**DATA FOR REVIEW:**

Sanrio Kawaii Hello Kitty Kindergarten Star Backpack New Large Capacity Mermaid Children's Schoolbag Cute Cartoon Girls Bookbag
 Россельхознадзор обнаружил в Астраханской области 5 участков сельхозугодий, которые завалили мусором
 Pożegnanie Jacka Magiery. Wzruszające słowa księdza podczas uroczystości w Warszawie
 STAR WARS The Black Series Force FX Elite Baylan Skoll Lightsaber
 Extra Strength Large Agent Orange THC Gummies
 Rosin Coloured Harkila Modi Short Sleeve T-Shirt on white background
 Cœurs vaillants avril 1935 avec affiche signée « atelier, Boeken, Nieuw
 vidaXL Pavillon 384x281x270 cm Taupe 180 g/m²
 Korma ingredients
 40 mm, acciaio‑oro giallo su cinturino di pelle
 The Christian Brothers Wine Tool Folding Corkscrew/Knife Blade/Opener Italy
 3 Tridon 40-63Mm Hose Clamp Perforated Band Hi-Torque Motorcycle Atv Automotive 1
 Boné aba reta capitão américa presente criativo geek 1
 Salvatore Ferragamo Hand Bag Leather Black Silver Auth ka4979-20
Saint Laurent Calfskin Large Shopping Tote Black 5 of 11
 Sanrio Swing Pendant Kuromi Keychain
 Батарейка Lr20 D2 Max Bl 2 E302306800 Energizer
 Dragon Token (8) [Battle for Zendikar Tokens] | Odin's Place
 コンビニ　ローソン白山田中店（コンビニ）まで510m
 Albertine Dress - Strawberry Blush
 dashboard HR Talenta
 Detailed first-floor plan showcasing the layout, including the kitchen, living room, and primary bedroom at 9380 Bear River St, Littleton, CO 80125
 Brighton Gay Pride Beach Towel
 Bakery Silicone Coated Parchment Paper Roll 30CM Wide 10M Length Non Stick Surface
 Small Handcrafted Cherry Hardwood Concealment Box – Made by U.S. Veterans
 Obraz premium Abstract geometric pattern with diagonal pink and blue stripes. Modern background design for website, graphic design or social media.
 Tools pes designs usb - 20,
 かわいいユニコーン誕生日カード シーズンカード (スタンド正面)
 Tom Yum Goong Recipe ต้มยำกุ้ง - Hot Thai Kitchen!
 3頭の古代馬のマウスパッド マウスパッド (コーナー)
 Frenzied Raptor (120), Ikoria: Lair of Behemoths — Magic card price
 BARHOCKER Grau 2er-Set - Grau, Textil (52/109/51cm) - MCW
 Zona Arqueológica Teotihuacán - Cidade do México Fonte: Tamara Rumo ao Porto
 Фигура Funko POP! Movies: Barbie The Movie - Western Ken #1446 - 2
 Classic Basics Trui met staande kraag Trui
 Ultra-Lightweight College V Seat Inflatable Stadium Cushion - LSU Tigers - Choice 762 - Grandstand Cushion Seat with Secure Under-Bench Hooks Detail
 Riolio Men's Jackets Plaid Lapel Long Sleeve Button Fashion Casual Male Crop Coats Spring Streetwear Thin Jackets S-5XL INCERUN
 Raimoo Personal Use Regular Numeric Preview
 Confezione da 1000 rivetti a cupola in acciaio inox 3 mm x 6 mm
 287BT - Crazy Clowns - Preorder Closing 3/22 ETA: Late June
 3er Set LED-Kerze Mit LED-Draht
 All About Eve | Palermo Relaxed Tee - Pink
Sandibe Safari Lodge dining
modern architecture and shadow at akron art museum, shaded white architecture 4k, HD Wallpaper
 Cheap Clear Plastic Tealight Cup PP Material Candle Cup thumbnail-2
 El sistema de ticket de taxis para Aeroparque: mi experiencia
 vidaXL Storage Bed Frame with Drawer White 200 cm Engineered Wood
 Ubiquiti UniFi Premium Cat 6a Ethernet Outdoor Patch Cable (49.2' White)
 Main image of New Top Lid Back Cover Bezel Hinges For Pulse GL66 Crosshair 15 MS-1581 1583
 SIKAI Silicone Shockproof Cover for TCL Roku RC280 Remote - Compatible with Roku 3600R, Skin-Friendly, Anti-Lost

**WORK REQUEST:** The listing above must be transcribed exactly, line by line.

**COMPLETED TASK:**
Sanrio Kawaii Hello Kitty Kindergarten Star Backpack New Large Capacity Mermaid Children's Schoolbag Cute Cartoon Girls Bookbag
 Россельхознадзор обнаружил в Астраханской области 5 участков сельхозугодий, которые завалили мусором
 Pożegnanie Jacka Magiery. Wzruszające słowa księdza podczas uroczystości w Warszawie
 STAR WARS The Black Series Force FX Elite Baylan Skoll Lightsaber
 Extra Strength Large Agent Orange THC Gummies
 Rosin Coloured Harkila Modi Short Sleeve T-Shirt on white background
 Cœurs vaillants avril 1935 avec affiche signée « atelier, Boeken, Nieuw
 vidaXL Pavillon 384x281x270 cm Taupe 180 g/m²
 Korma ingredients
 40 mm, acciaio‑oro giallo su cinturino di pelle
 The Christian Brothers Wine Tool Folding Corkscrew/Knife Blade/Opener Italy
 3 Tridon 40-63Mm Hose Clamp Perforated Band Hi-Torque Motorcycle Atv Automotive 1
 Boné aba reta capitão américa presente criativo geek 1
 Salvatore Ferragamo Hand Bag Leather Black Silver Auth ka4979-20
Saint Laurent Calfskin Large Shopping Tote Black 5 of 11
 Sanrio Swing Pendant Kuromi Keychain
 Батарейка Lr20 D2 Max Bl 2 E302306800 Energizer
 Dragon Token (8) [Battle for Zendikar Tokens] | Odin's Place
 コンビニ　ローソン白山田中店（コンビニ）まで510m
 Albertine Dress - Strawberry Blush
 dashboard HR Talenta
 Detailed first-floor plan showcasing the layout, including the kitchen, living room, and primary bedroom at 9380 Bear River St, Littleton, CO 80125
 Brighton Gay Pride Beach Towel
 Bakery Silicone Coated Parchment Paper Roll 30CM Wide 10M Length Non Stick Surface
 Small Handcrafted Cherry Hardwood Concealment Box – Made by U.S. Veterans
 Obraz premium Abstract geometric pattern with diagonal pink and blue stripes. Modern background design for website, graphic design or social media.
 Tools pes designs usb - 20,
 かわいいユニコーン誕生日カード シーズンカード (スタンド正面)
 Tom Yum Goong Recipe ต้มยำกุ้ง - Hot Thai Kitchen!
 3頭の古代馬のマウスパッド マウスパッド (コーナー)
 Frenzied Raptor (120), Ikoria: Lair of Behemoths — Magic card price
 BARHOCKER Grau 2er-Set - Grau, Textil (52/109/51cm) - MCW
 Zona Arqueológica Teotihuacán - Cidade do México Fonte: Tamara Rumo ao Porto
 Фигура Funko POP! Movies: Barbie The Movie - Western Ken #1446 - 2
 Classic Basics Trui met staande kraag Trui
 Ultra-Lightweight College V Seat Inflatable Stadium Cushion - LSU Tigers - Choice 762 - Grandstand Cushion Seat with Secure Under-Bench Hooks Detail
 Riolio Men's Jackets Plaid Lapel Long Sleeve Button Fashion Casual Male Crop Coats Spring Streetwear Thin Jackets S-5XL INCERUN
 Raimoo Personal Use Regular Numeric Preview
 Confezione da 1000 rivetti a cupola in acciaio inox 3 mm x 6 mm
 287BT - Crazy Clowns - Preorder Closing 3/22 ETA: Late June
 3er Set LED-Kerze Mit LED-Draht
 All About Eve | Palermo Relaxed Tee - Pink
Sandibe Safari Lodge dining
modern architecture and shadow at akron art museum, shaded white architecture 4k, HD Wallpaper
 Cheap Clear Plastic Tealight Cup PP Material Candle Cup thumbnail-2
 El sistema de ticket de taxis para Aeroparque: mi experiencia
 vidaXL Storage Bed Frame with Drawer White 200 cm Engineered Wood
 Ubiquiti UniFi Premium Cat 6a Ethernet Outdoor Patch Cable (49.2' White)
 Main image of New Top Lid Back Cover Bezel Hinges For Pulse GL66 Crosshair 15 MS-1581 1583
 SIKAI Silicone Shockproof Cover for TCL Roku RC280 Remote - Compatible with Roku 3600R, Skin-Friendly, Anti-Lost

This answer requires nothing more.